In another move to distance America from China, the Biden Administration is expected to announce the addition of 26 companies to what is known as the Uyghur Forced Labor Prevention Act Entity List. This list names businesses that the U.S. alleges are involved in exploiting forced labor from China’s Xinjiang region, where the Uyghur Muslims predominately live. These 26 companies are primarily involved in textile production, The Financial Times said, “America is pulling up the drawbridge” in trade with China.

Not to be outdone, former President Donald Trump, at his recent rally in New Jersey, said, “Biden should have done this years ago.” Trump also warned that Chinese companies will try to build cars in Mexico to avoid tariffs, by shipping them to the U.S. from closer destinations. Trump then said he would put a 200% tariff on Chinese-made cars in Mexico, despite an existing trade agreement with Mexico.

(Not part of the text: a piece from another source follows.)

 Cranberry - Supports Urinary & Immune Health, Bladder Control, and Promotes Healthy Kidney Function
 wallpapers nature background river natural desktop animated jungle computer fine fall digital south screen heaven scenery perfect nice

In the meantime, the best evidence that EV sales are waning came from Ford, which began cutting orders from battery suppliers to stem growing EV losses of up to $100,000 per vehicle. Ford is reducing EV spending by $12 billion, which will entail delaying new EV models and shrinking existing battery plants.

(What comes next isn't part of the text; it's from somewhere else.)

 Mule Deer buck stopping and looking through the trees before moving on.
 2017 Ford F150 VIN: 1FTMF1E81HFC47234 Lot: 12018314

Ford’s Chief Executive Officer, Jim Farley, recently said its EV unit “is the main drag on the whole company right now.”  However, Ford is still fast-tracking the development of small EVs that will start at $25,000 and debut in late 2026. Also, VW teamed up with a Chinese partner, Xpeng, to build cheaper, smaller EVs. It will be interesting if Ford deepens its ties with China’s CATL to keep its EV costs down.

The Wall Street Journal published an excellent article about the demographic challenges much of the world now faces. The fertility rates have collapsed in Asia and Western Europe. The U.S. fertility rate has also declined below the replacement rate, but immigration is helping to offset our lower birth rate. Essentially, worldwide economic growth is expected to stall as populations decline, and Asia is a prime example, since the fertility rates in China, South Korea and other key Asian countries have collapsed.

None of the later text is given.